§ **TASK INSTRUCTIONS**: Only one span of the listing below is wanted: the lines from the one with "206 Westgate Circle - Photo 1" through the one with "Εκσκαφέας Hitachi ZX120-6", reproduced exactly, both ends kept.

§ **SUPPLIED MATERIAL**:
______
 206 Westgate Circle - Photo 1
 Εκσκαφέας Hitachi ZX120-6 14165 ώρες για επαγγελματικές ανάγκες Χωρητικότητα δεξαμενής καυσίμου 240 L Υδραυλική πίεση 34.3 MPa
______
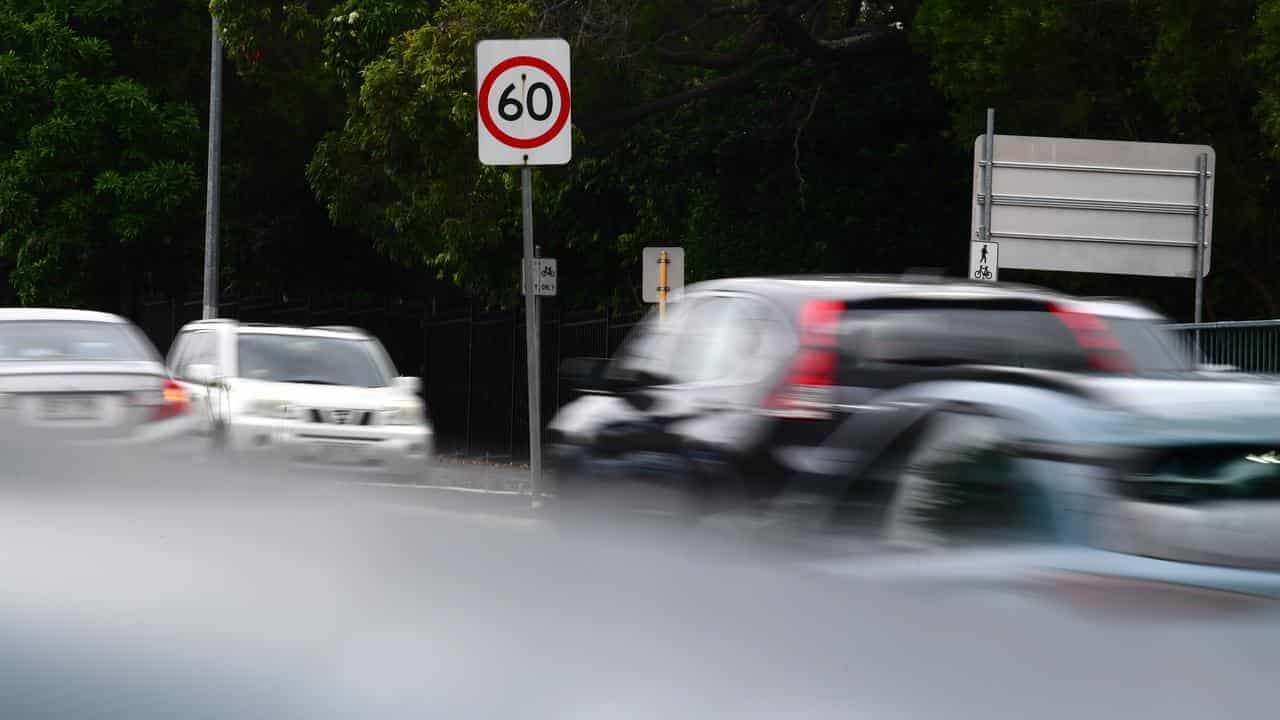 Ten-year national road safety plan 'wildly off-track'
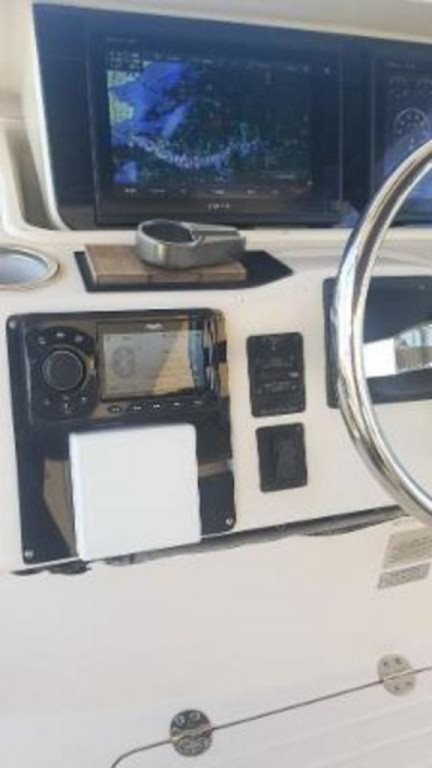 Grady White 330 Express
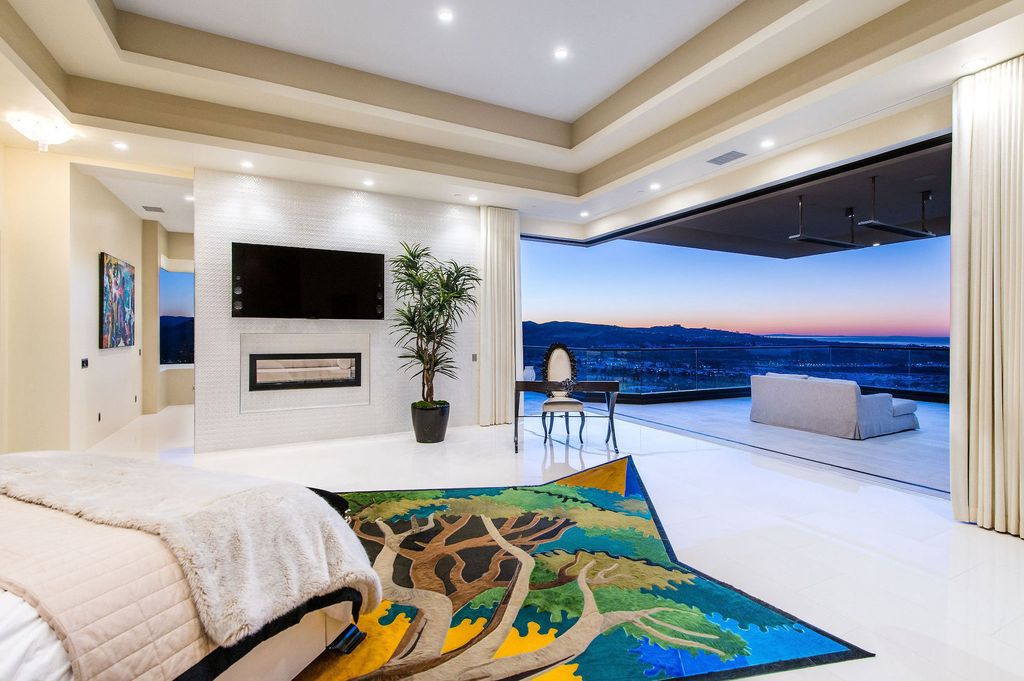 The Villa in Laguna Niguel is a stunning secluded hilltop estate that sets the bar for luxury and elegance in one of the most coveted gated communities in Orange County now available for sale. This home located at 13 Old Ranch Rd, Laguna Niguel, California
______
§ **RESPONSE BELOW**:
 206 Westgate Circle - Photo 1
 Εκσκαφέας Hitachi ZX120-6 14165 ώρες για επαγγελματικές ανάγκες Χωρητικότητα δεξαμενής καυσίμου 240 L Υδραυλική πίεση 34.3 MPa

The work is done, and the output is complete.